By today’s standards Class Board was a joke. In 2000, it was revolutionary. Before Class Board, if you wanted to drag someone’s name through the mud, you had to whisper behind a back or yell across the lunch table. There was accountability for your slander, and to take that risk, you’d have to think long and hard about the potential consequences. Unless, of course, you were just a bitch, in which case you didn’t care about consequences. Either way, there was some amount of gumption involved. You had to feel the nastiness stew in your belly and form into words in your mouth. You had a real, visceral connection to your thoughts and feelings. Consequently, more often than not, you bit your tongue.

Unsurprisingly, this anonymous, won’t-ever-be-held-accountable form of gossiping was like catnip to my fellow teenage comrades, whose interests at the time did not stretch beyond passing the SATs, getting laid (if you could call it that), and destroying their latest enemy.

Class Board lasted for all of two weeks at my Catholic college prep school. “Money doesn’t buy you class, Kelly Troost” and “Melissa Monaghan is sleeping with Coach Wade” were not phrases my “in-the-Marianist-tradition” teachers wished to incorporate into the curriculum. With CIA-like precision, the school lobbied the Gods of the Internet to take the website down, where it thenceforth lived forever in our minds as the scandal of a lifetime. We were once again forced to talk shit about each other the old-fashioned way: in person and on landlines.

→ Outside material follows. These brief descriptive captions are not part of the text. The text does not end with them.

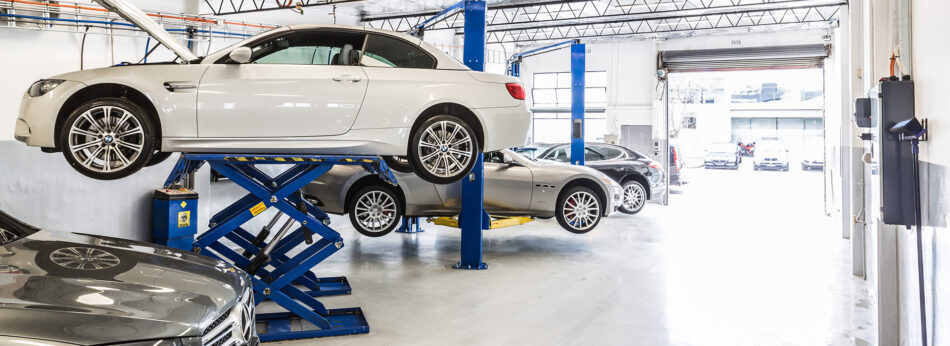 Four luxury cars up on car lifts in Cox Auto’s South Melbourne garage, waiting for our qualified mechanics to continue assessing them for roadworthiness.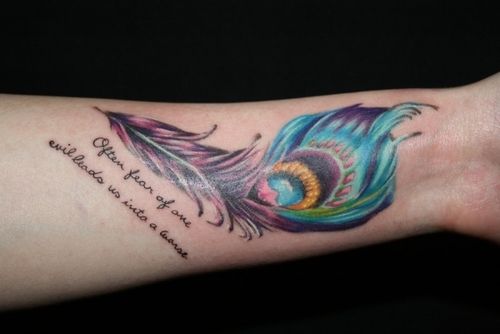 Peacock feather tattoo with quote on arm
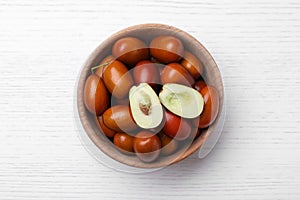 Fresh Ziziphus jujuba fruits in bowl on white wooden table, top view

But there it was: the crack in the dam in the days before the deluge. We were like puppies subjected to the secondhand smoke of our pothead owners, naive and accidentally exposed.

**

With this isolated exception, my generation graduated high school and entered college unscathed, saved from the horrors of today’s younger generation, who are doomed to look back at their over-documented adolescence with the public shame of a hanging trial. To understand what I’m talking about, revisit a journal of yours written any time between the age of eleven and nineteen. The evidence of your underdeveloped, emotionally-retarded brain—some heated clash with your parents over a car ride or a movie ticket—will make you wonder how you were even able to tie your Sketchers in the morning. It’s horrible. Trust me.

It was another four years before Myspace became a phenomenon. Like any other nineteen-year-old, my reason for signing up owed entirely to a crush on a boy.

Until this point, I’d used the Internet predominately to check my Yahoo account, pirate music, and download old covers of SPIN to print out for no real reason beyond killing trees and wasting my dad’s printer ink. With Myspace I was offered carte blanche access into the life of The Boy.

And this, friends, was the best thing that had happened to computers since Where in the World Is Carmen Sandiego?

Within weeks, I had a perfectly-curated Myspace page, complete with hot pink backdrop and sketches of gothic butterflies, an ironic representation of myself. I added friends, spied on boys, researched bands – all of which took up a disproportionate amount of time I did not apparently find valuable in the slightest.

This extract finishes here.